As before, we need to look into the object to understand its structure, using str() for example. We find that the object contains a list of length 1, which contains a data.frame with the information we require:
mysummary <- summary(model_anova)
str(mysummary)
## List of 1
## $ :Classes 'anova' and 'data.frame': 2 obs. of 5 variables:
## ..$ Df : num [1:2] 2 12
## ..$ Sum Sq : num [1:2] 0.0296 14.4702
## ..$ Mean Sq: num [1:2] 0.0148 1.2059
## ..$ F value: num [1:2] 0.0123 NA
## ..$ Pr(>F) : num [1:2] 0.988 NA
## - attr(*, "class")= chr [1:2] "summary.aov" "listof"
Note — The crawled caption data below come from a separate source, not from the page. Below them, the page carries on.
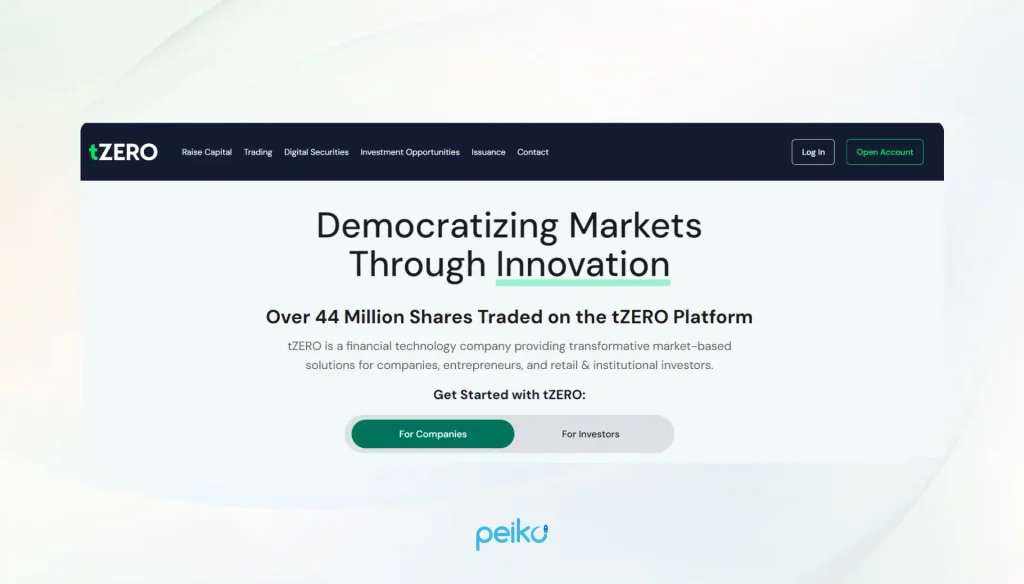 Asset tokenization app is one of the leading blockchain startup ideas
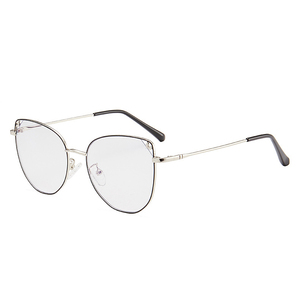 2019 de moda logotipo personalizado transparente <span class=keywords><strong>gafas</strong></span> precio barato transparente de alta calidad <span class=keywords><strong>gafas</strong></span> - Product Image 1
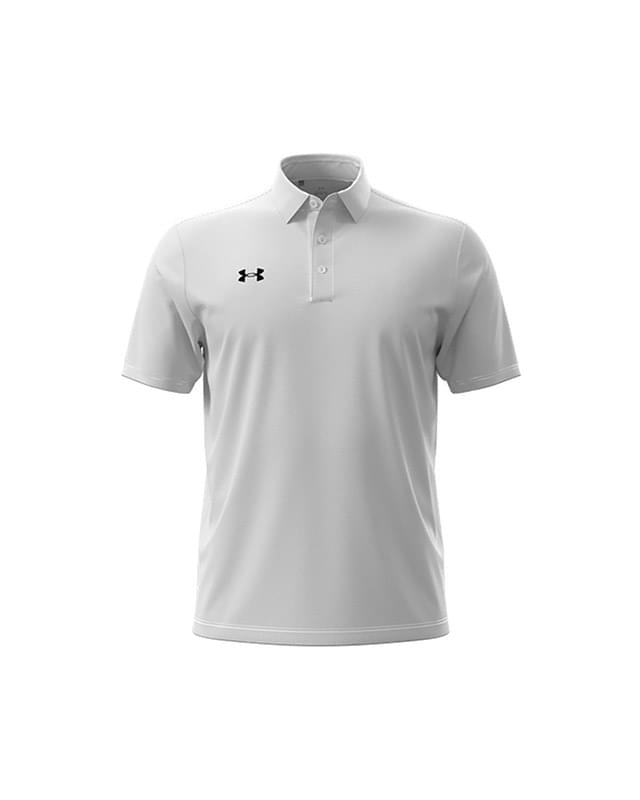 Men's Destin Drive Striped Performance Polo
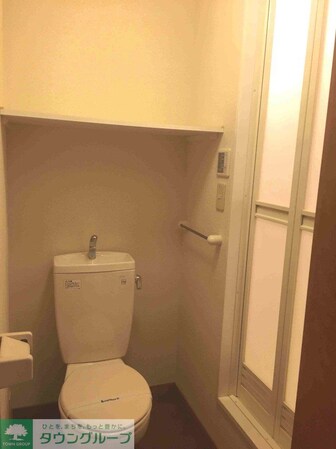 レオパレスSir Houseの物件内観写真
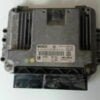Centralita del motor Opel 12992628 483131671 LK ISUZU 8973729171 0281011380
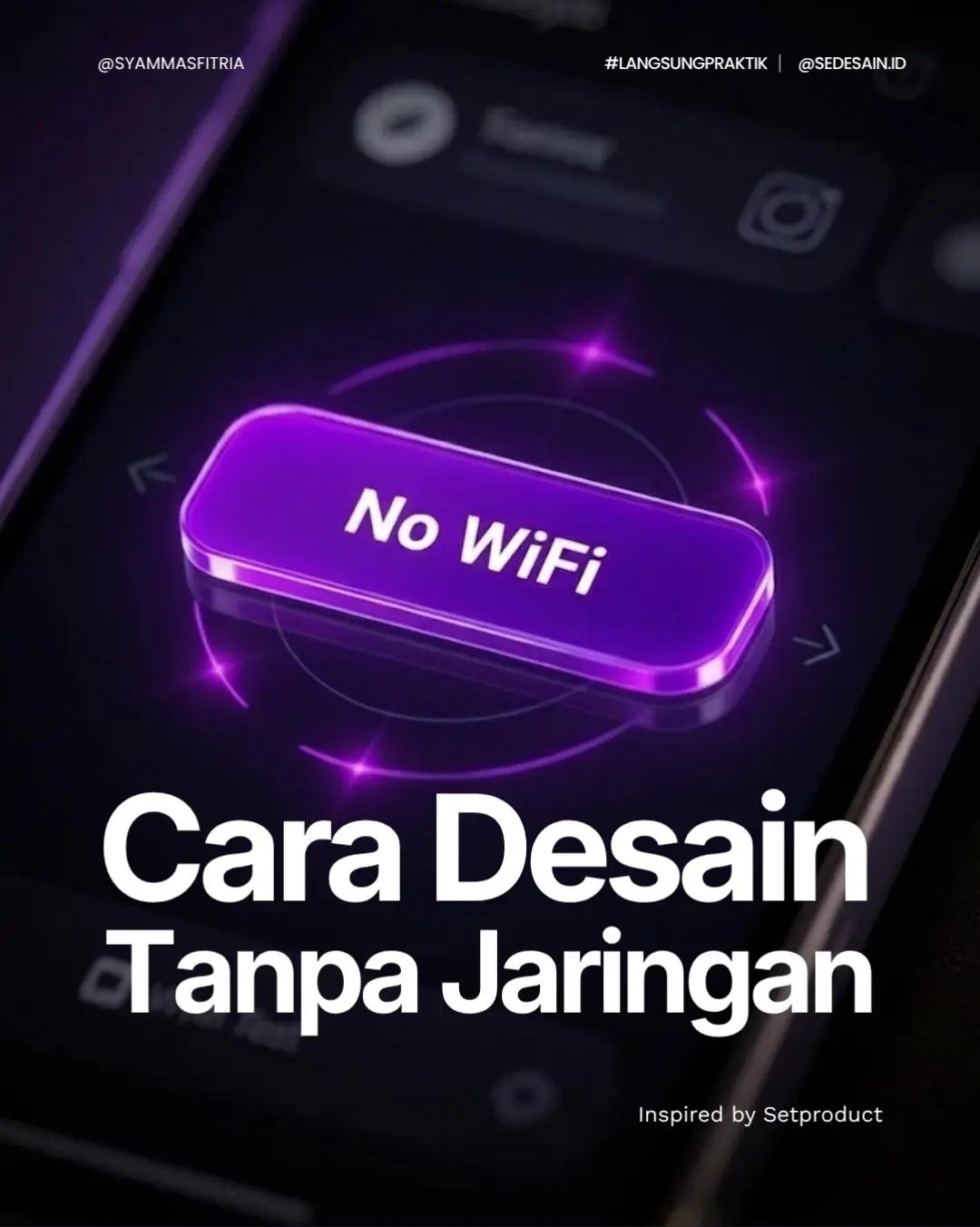 @Syammas P. S | Canva Creator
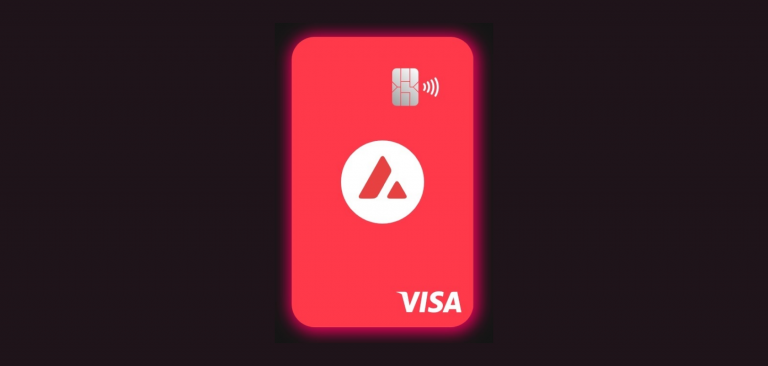 Avalanche и Visa выпускают криптокарту. Где доступна и как получить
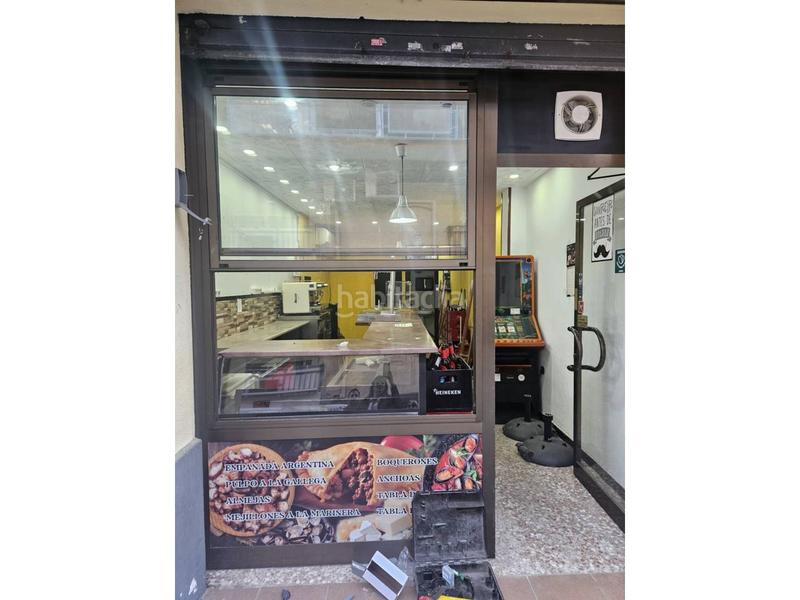 Foto c80ba774-5891-4abe-a134-d53314b82d61. Alquiler local comercial alquiler de local comercial no tiene salida de humos. en Cunit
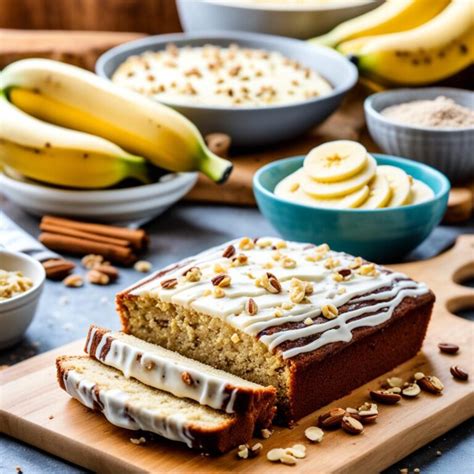 Bolo de Banana Low Carb Receita Saudável e Saborosa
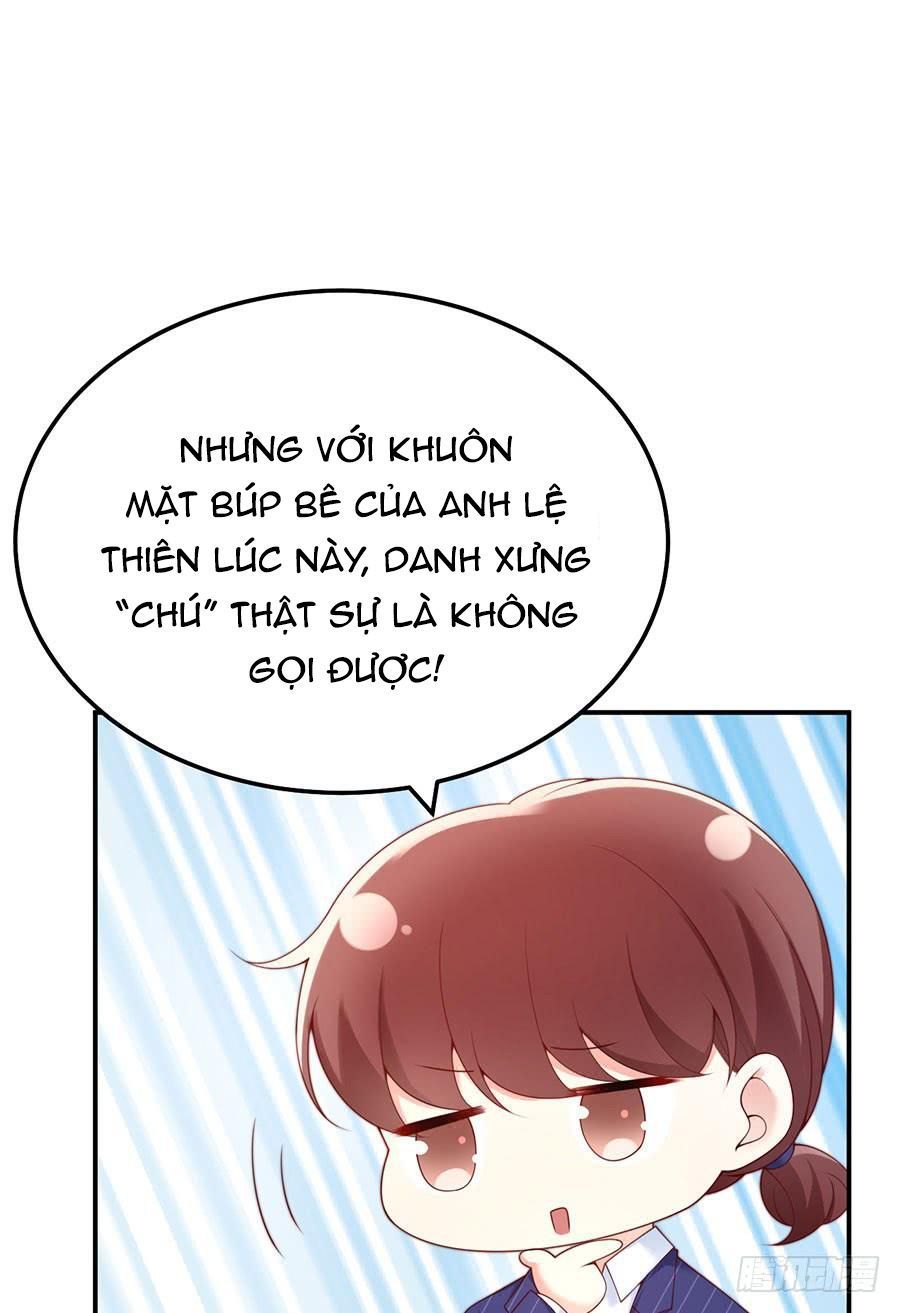 nam thần truy thê chỉ nam chapter 46.1 6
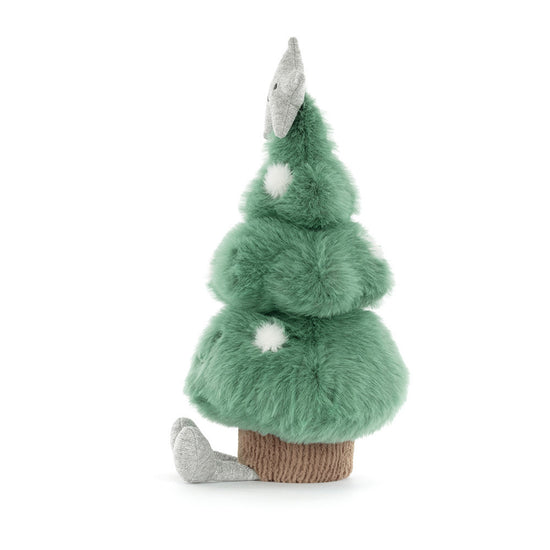 Amuseables Christmas Tree Plush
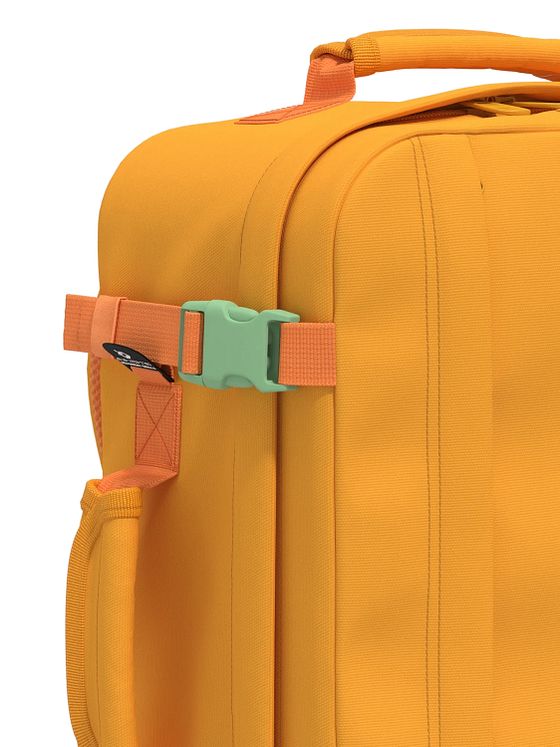 Cabin Zero Classic 124 Batoh 45 cm Kapsa na notebook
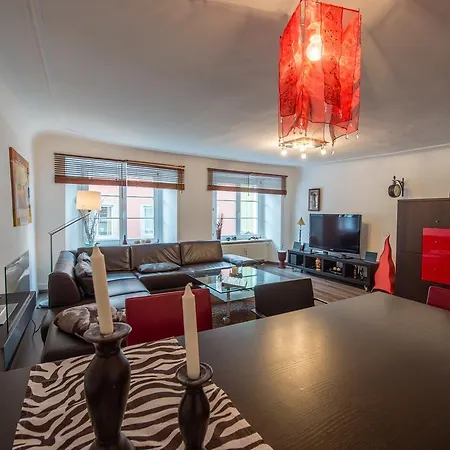 Apartment Theresa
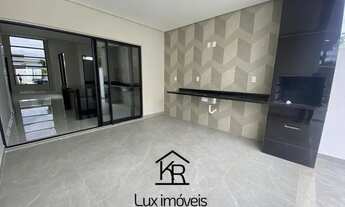 Imagem 4: Passaredo 3 suítes e escritura pisicna e churrasqueira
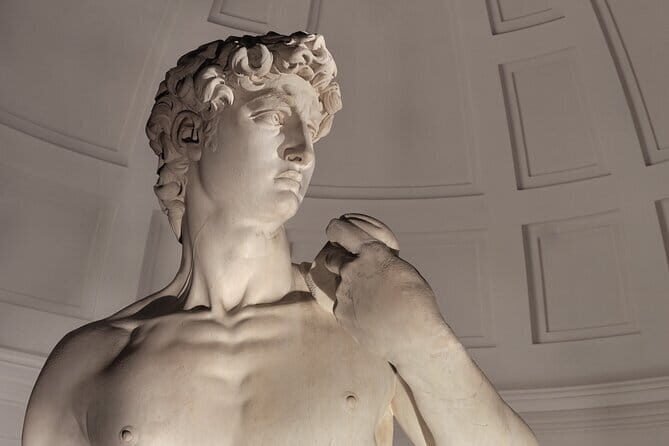 Florence: Accademia Gallery Small Group Guided Tour - FAQ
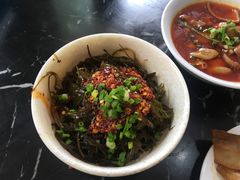 -李记小小吃·江油肥肠(涪江路店)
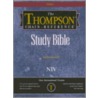 Thompson Chain-reference Study Bible-niv-skateboard door Kirkbride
mysummary[[1]]["groups", "Pr(>F)"]
## [1] 0.9878183
Exercise 5
Check how R implements “factors” in principle. For example, where are the labels and the fact that the factor is ordered stored ? Where is the function that prints a factor, and the function that makes a summary out of the factor ?
Looking at the summary or the names of the object does not tell us
anything. We can use the str() command to show us some information
about the structure:
fert <- factor( c(10, 20, 50, 30, 10, 20, 10, 45) )
str(fert)
## Factor w/ 5 levels "10","20","30",..: 1 2 5 3 1 2 1 4
It does not tell us much about how the data is stored; one other way is to remove the “factor” class, and see what default object is printed:
class(fert) <- ""
fert
## [1] 1 2 5 3 1 2 1 4
## attr(,"levels")
## [1] "10" "20" "30" "45" "50"
## attr(,"class")
## [1] ""
typeof(fert)
## [1] "integer"
We see that the data is stored as a vector of integer, and additional information is stored in the attributes of the object. In details:
fert <- factor( c(10, 20, 50, 30, 10, 20, 10, 45) )
attributes(fert)
## $levels
## [1] "10" "20" "30" "45" "50"
##
## $class
## [1] "factor"
methods(class="factor")
## [1] [ [[ [[<- [<- all.equal
## [6] as.character as.data.frame as.Date as.list as.logical
## [11] as.POSIXlt as.vector c coerce droplevels
## [16] format initialize is.na<- length<- levels<-
## [21] Math Ops plot print relevel
## [26] relist rep show slotsFromS3 summary
## [31] Summary xtfrm
## see '?methods' for accessing help and source code
# print.factor
# summary.factor
We can see in the list the methods print and summary, so that the two functions are print.factor and summary.factor (which you can print and look at if you want)
fert <- factor( c(10, 20, 50, 30, 10, 20, 10, 45), ordered=TRUE )
attributes(fert)
## $levels
## [1] "10" "20" "30" "45" "50"
##
## $class
## [1] "ordered" "factor"
In the case of an ordered factor, there is a second class, “ordered”; otherwise, the data is stored in the same way.